━━━ GIVEN INFORMATION ━━━
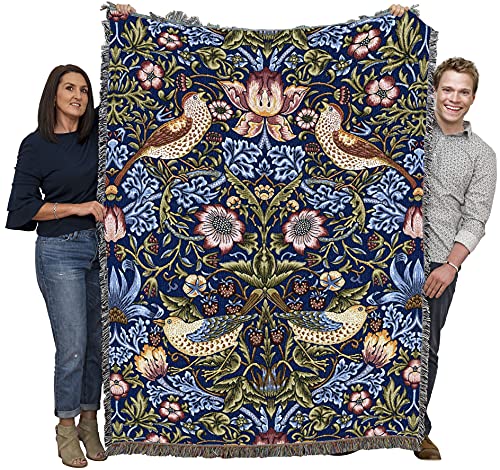 Pure Country Weavers William Morris Strawberry Thief Indigo Blanket - Arts & Crafts - Gift Tapestry Throw Woven from Cotton - Made in the USA (72x54) - color: Indigo, size: Large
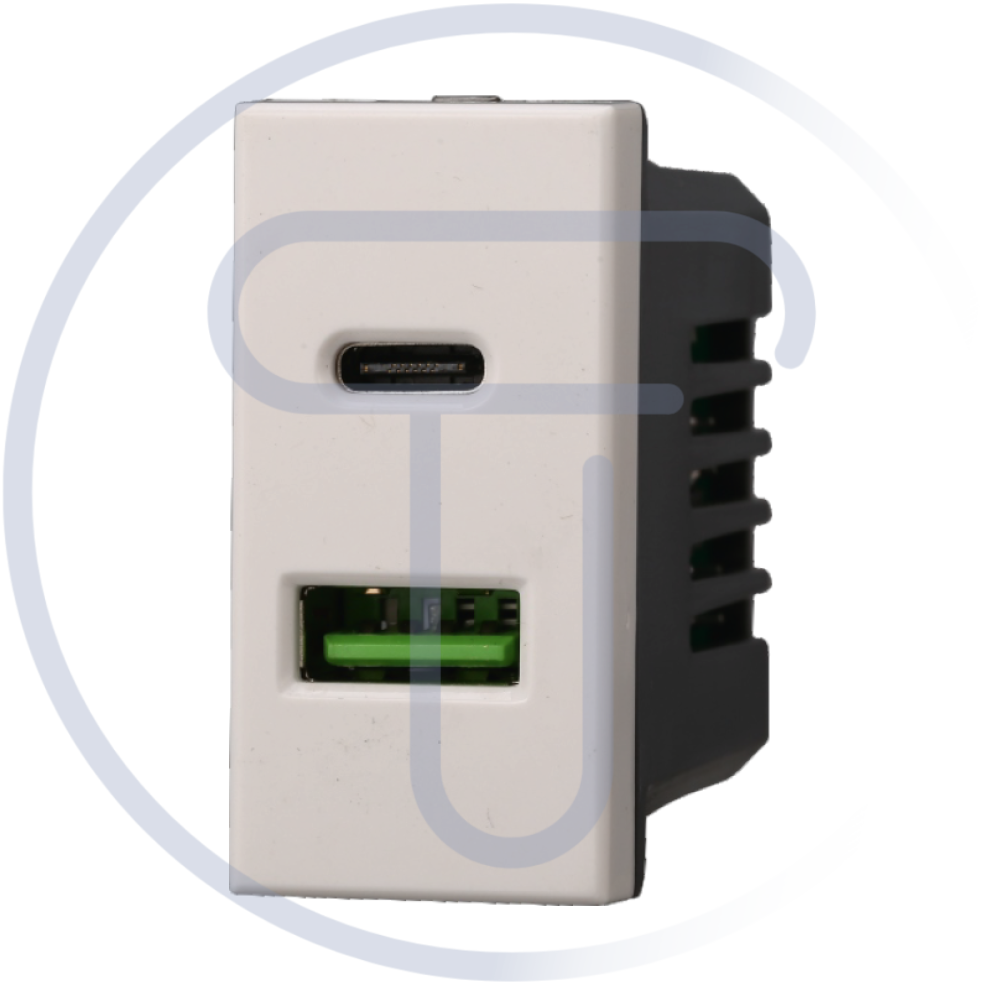 Modulo compatibile BTicino Axolute doppia USB 2.0 tipo A USB 3.1 tipo C, bianco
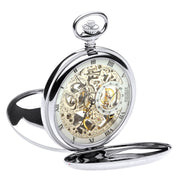 Skeleton Full Double Hunter Pocket Watch 17 Jewelled Mechanical Chromed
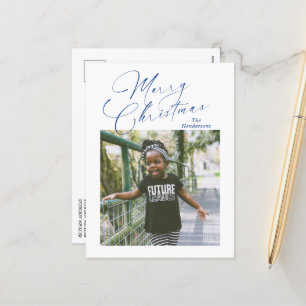 Postal Festiva Elegante Script Photo Merry Christmas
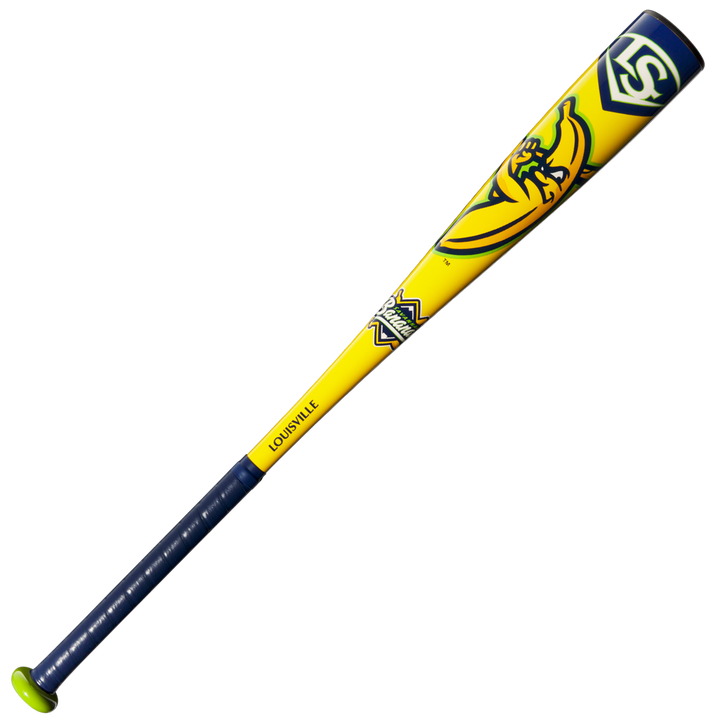 The 2025 Louisville Slugger Savannah Bananas (-10) 2 5/8" USA Baseball Bat (WBL4090) features a yellow and blue design with a green end cap and handle, a banana graphic, and the Savannah Bananas team logo.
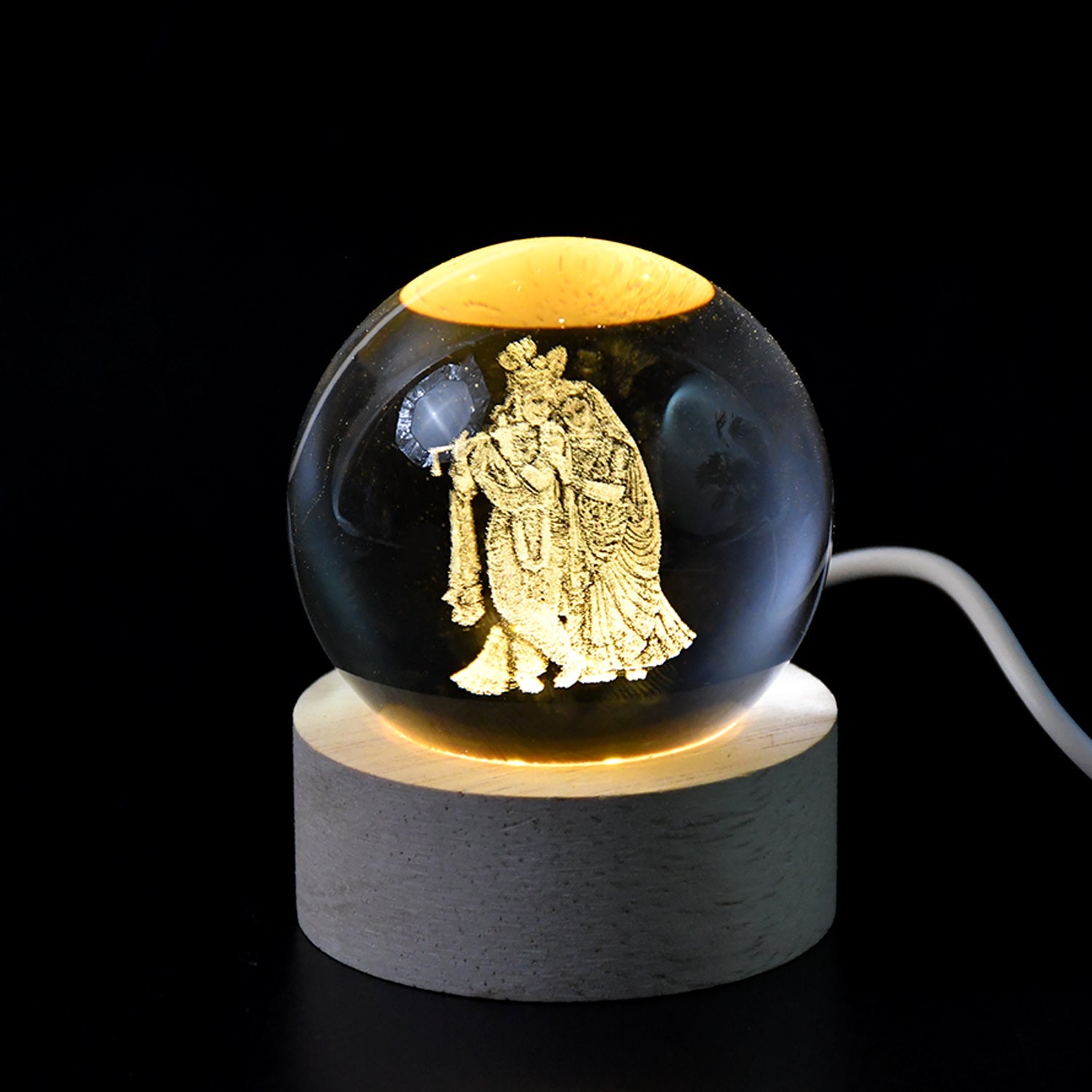 Aesthetic view of the Radha Krishna 3D crystal lamp as spiritual home decor.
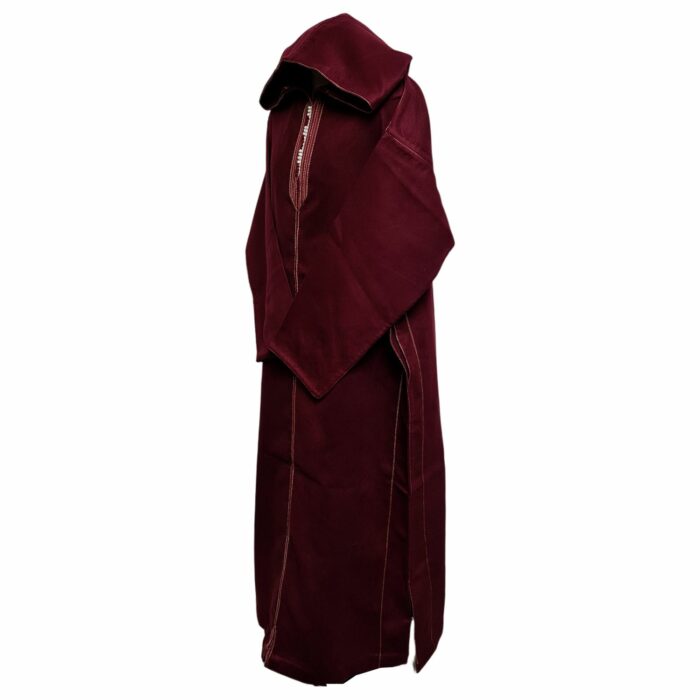 Cshwl 014 Maroon Moroccan Cashmere Wool Blend Hooded Thobe Habibi Collections Drk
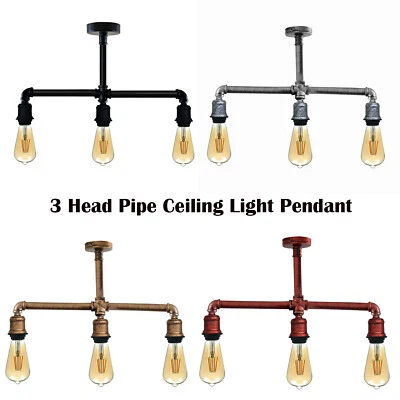 ELECTRICALSONE Vintage Ceiling Lamps Steampunk Lights 3 Head Metal Kitchen Fitting Pipe Lights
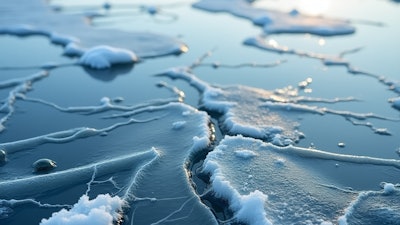 Cracked And Refrozen Ice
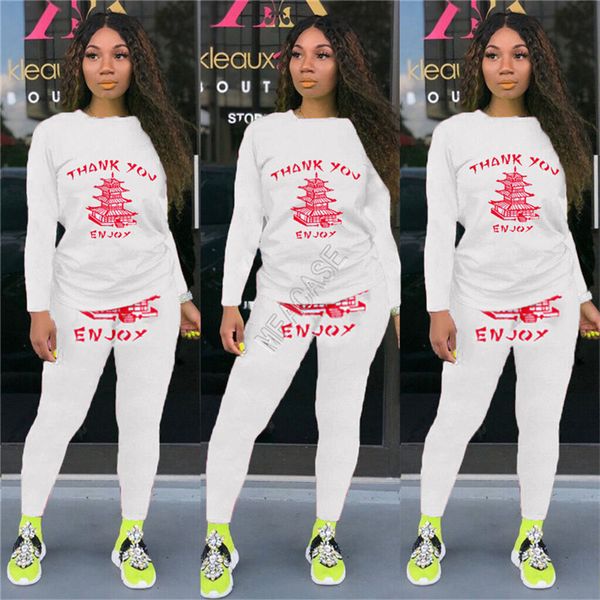 

women tracksuit cartoon print clothing long sleeve outfits pullover hoodies t-shirt + pants leggings sports suit 2pcs/set d91603, White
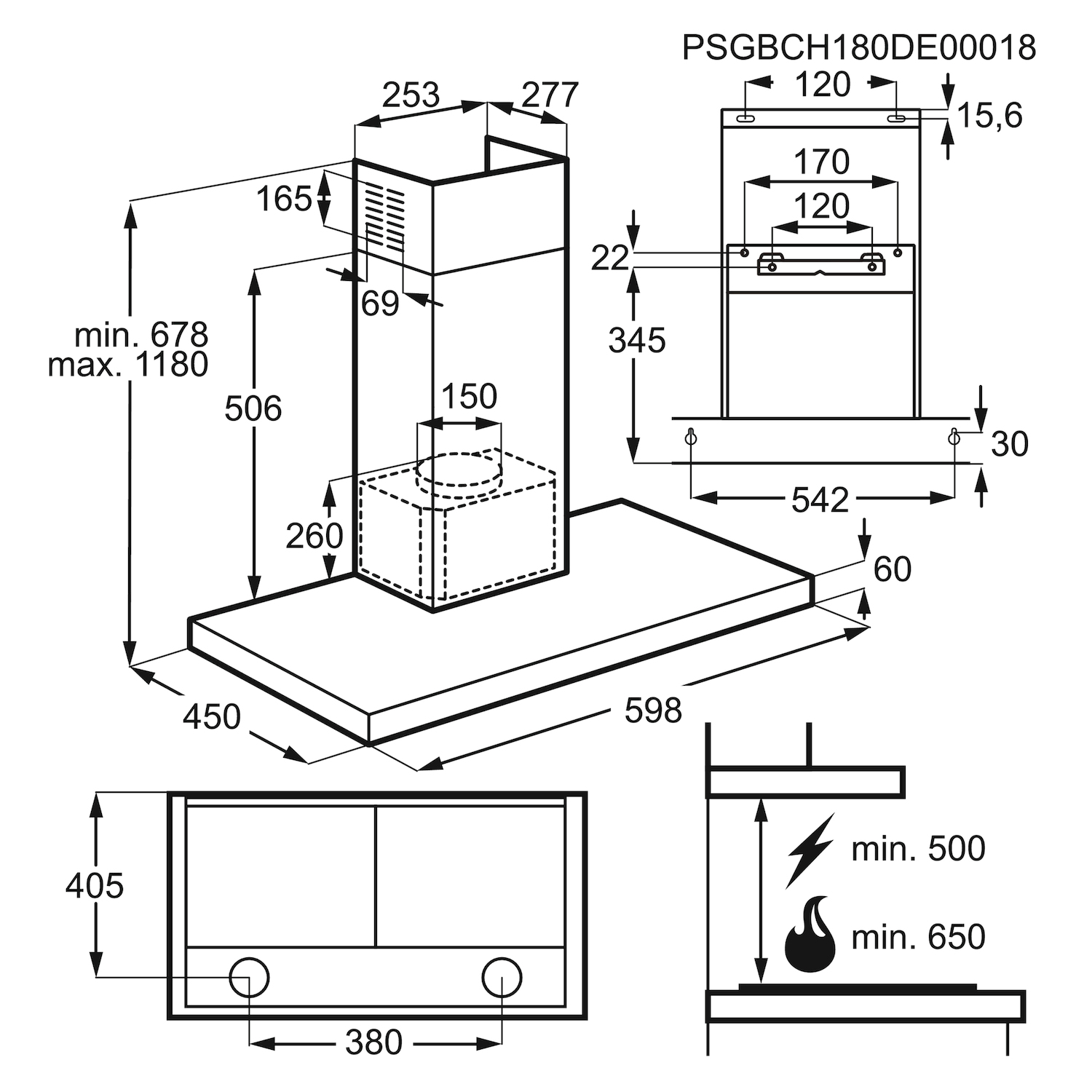Disegno tecnico di una cappa aspirante con dimensioni in mm.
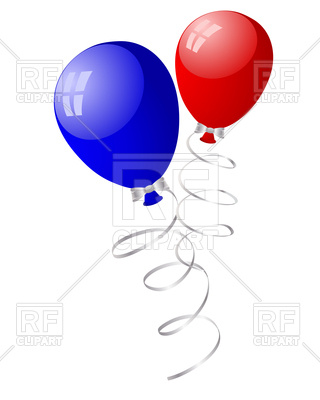 320x400 Blue And Red Balloons In The Air Royalty Free Vector Clip Art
━━━
> [TASK]: The copy you give must run from the line containing "Aesthetic view of" through the last line of the records, exactly, with the pictures left out.

> [REPLY]:
 Aesthetic view of the Radha Krishna 3D crystal lamp as spiritual home decor.
 Cshwl 014 Maroon Moroccan Cashmere Wool Blend Hooded Thobe Habibi Collections Drk
 ELECTRICALSONE Vintage Ceiling Lamps Steampunk Lights 3 Head Metal Kitchen Fitting Pipe Lights
 Cracked And Refrozen Ice

women tracksuit cartoon print clothing long sleeve outfits pullover hoodies t-shirt + pants leggings sports suit 2pcs/set d91603, White
Disegno tecnico di una cappa aspirante con dimensioni in mm.
 320x400 Blue And Red Balloons In The Air Royalty Free Vector Clip Art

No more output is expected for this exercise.